▸ What you are asked to do:
Your answer should give again, exactly, the lines from the beginning of the entries below through the line containing "Set de 4 casseroles". It must contain no pictures.

[Input Boundary: Start]

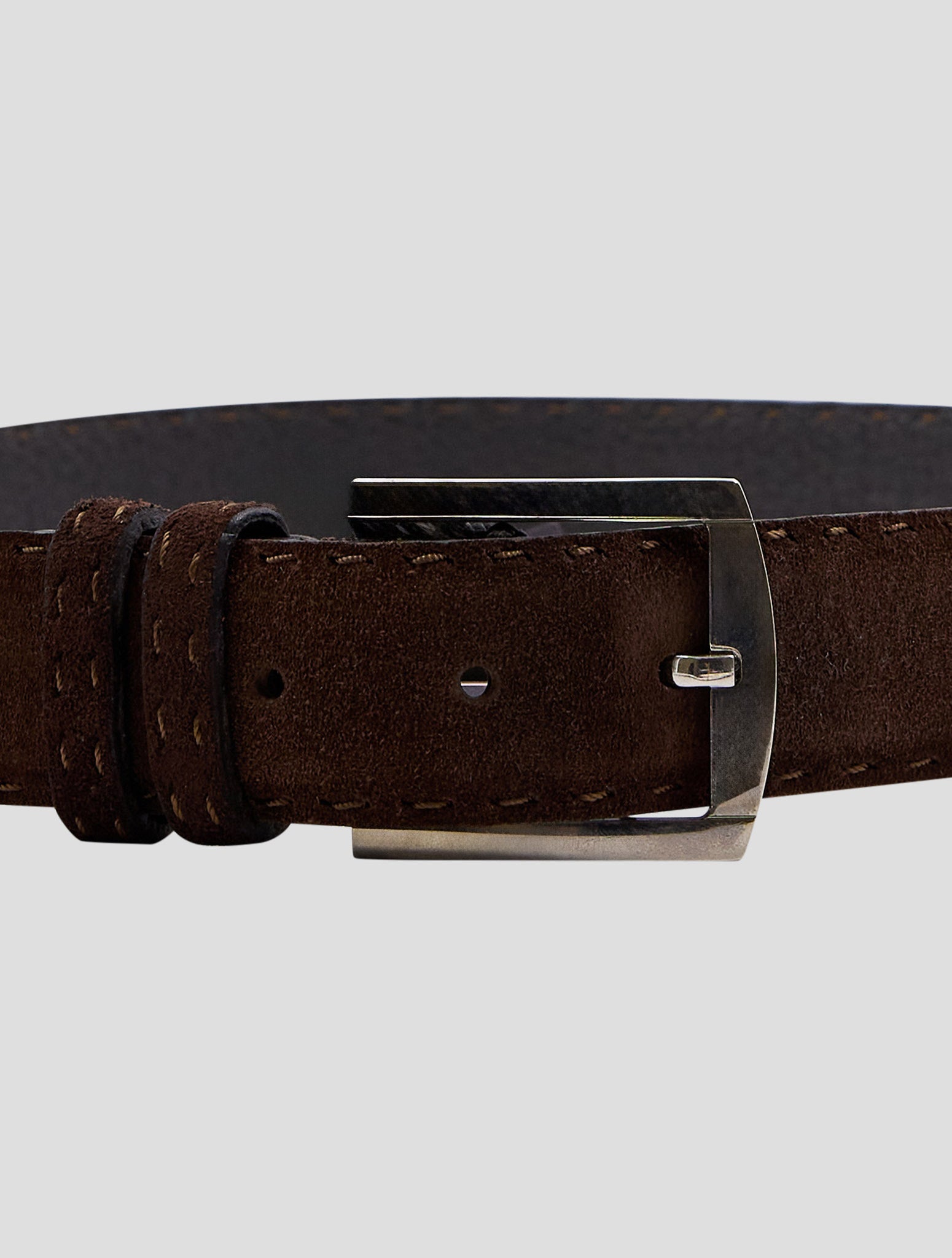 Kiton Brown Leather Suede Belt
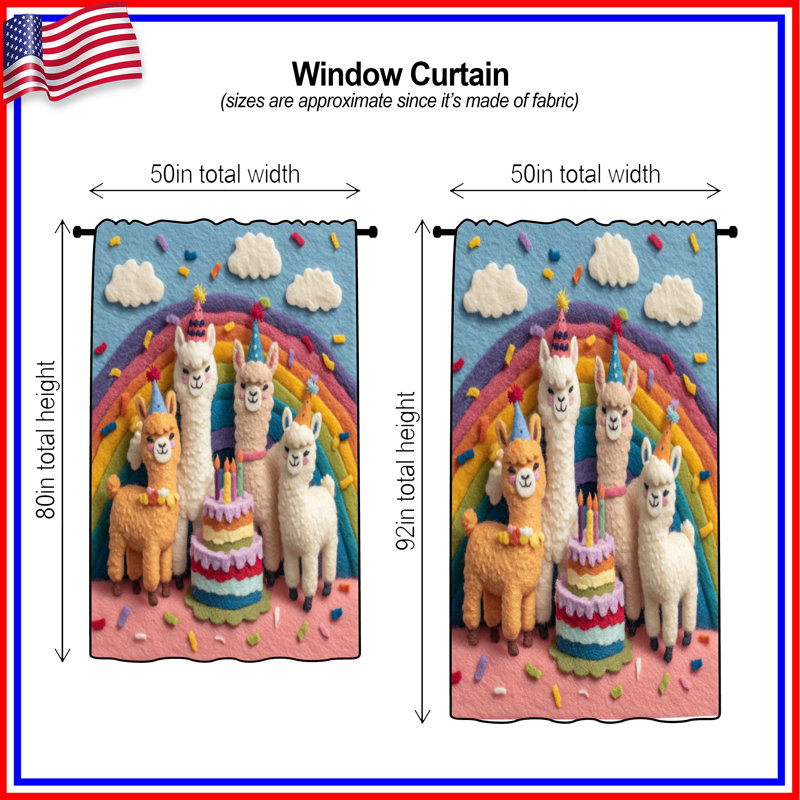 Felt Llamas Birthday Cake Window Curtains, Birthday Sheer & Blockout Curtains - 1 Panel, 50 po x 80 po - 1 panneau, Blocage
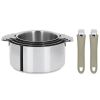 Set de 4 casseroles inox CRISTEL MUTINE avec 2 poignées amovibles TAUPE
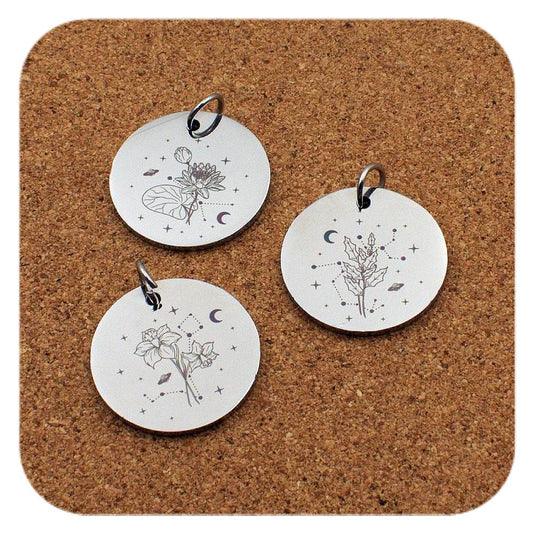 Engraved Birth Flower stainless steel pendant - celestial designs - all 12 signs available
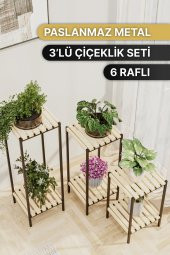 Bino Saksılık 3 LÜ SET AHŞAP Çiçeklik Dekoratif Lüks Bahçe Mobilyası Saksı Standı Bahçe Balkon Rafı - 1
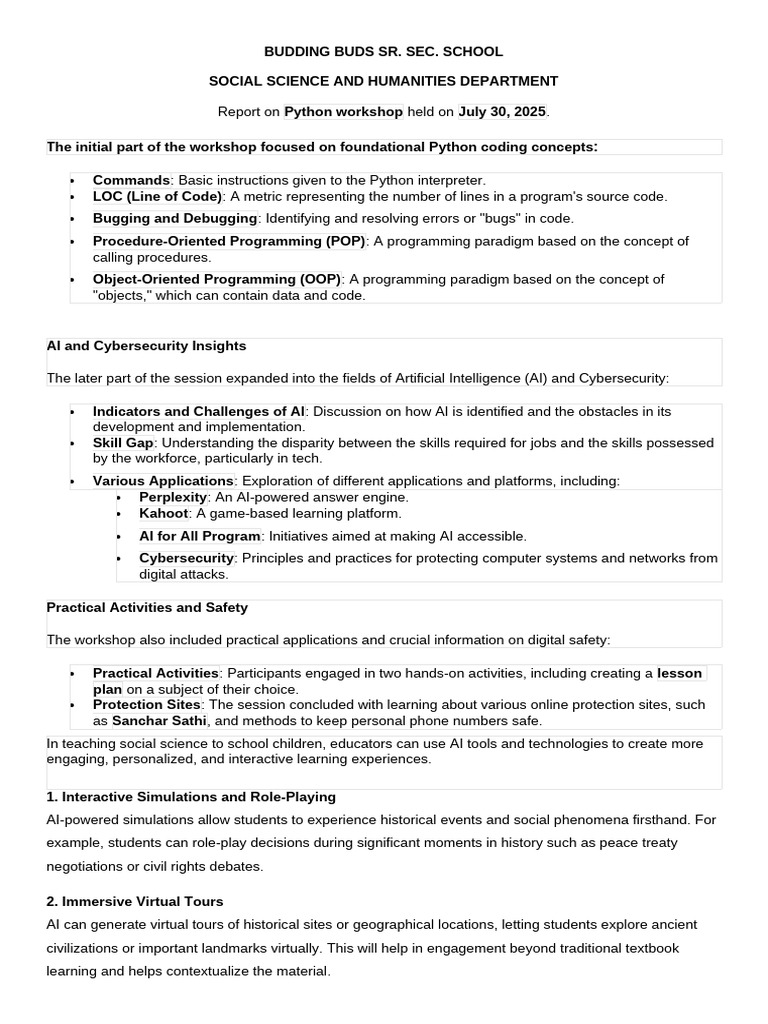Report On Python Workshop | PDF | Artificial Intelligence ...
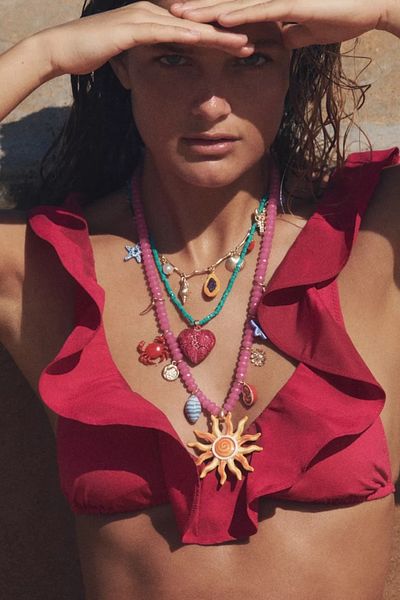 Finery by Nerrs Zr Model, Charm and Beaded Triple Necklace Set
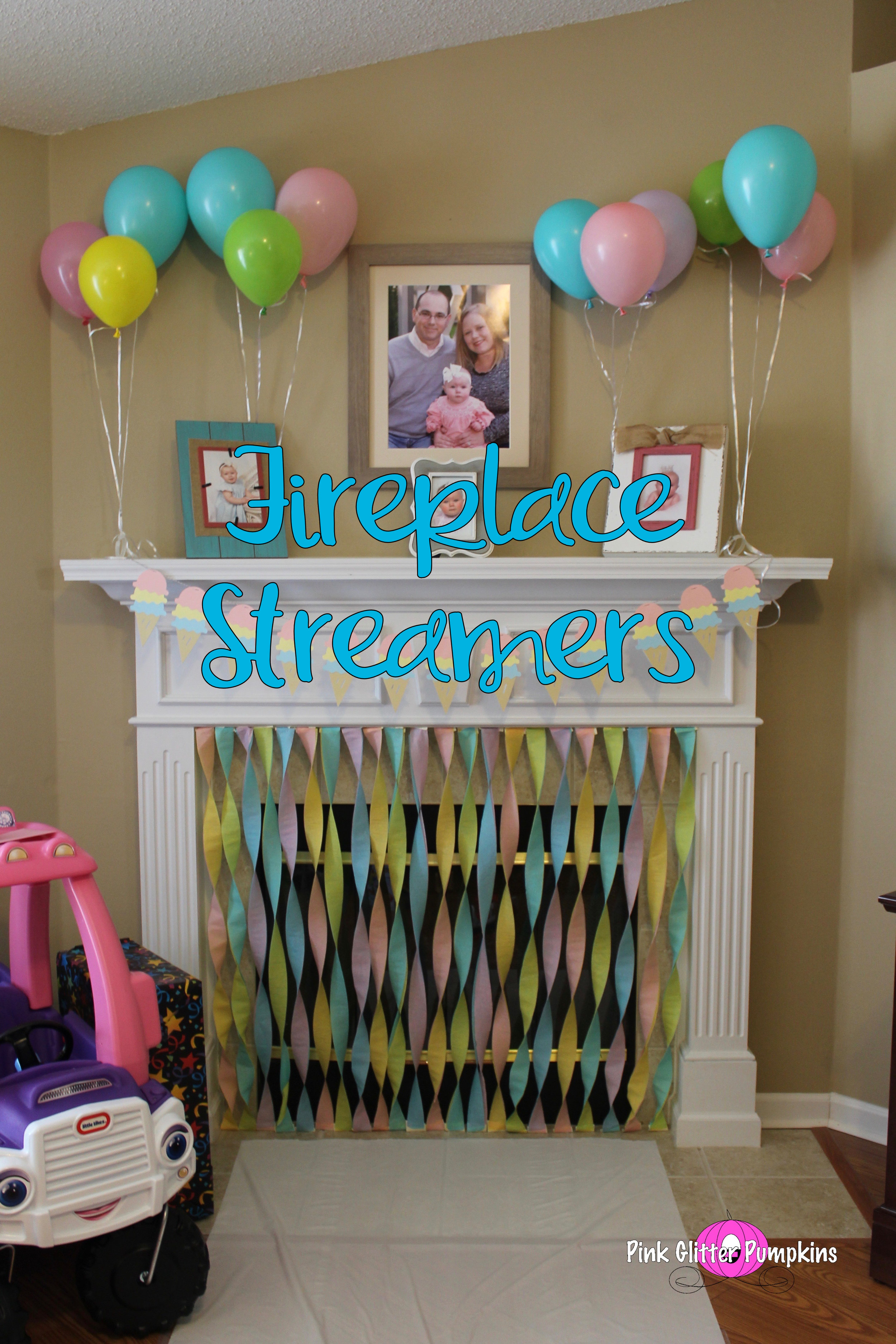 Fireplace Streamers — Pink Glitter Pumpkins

[Input Boundary: End]

▸ Expected answer:
 Kiton Brown Leather Suede Belt
 Felt Llamas Birthday Cake Window Curtains, Birthday Sheer & Blockout Curtains - 1 Panel, 50 po x 80 po - 1 panneau, Blocage
 Set de 4 casseroles inox CRISTEL MUTINE avec 2 poignées amovibles TAUPE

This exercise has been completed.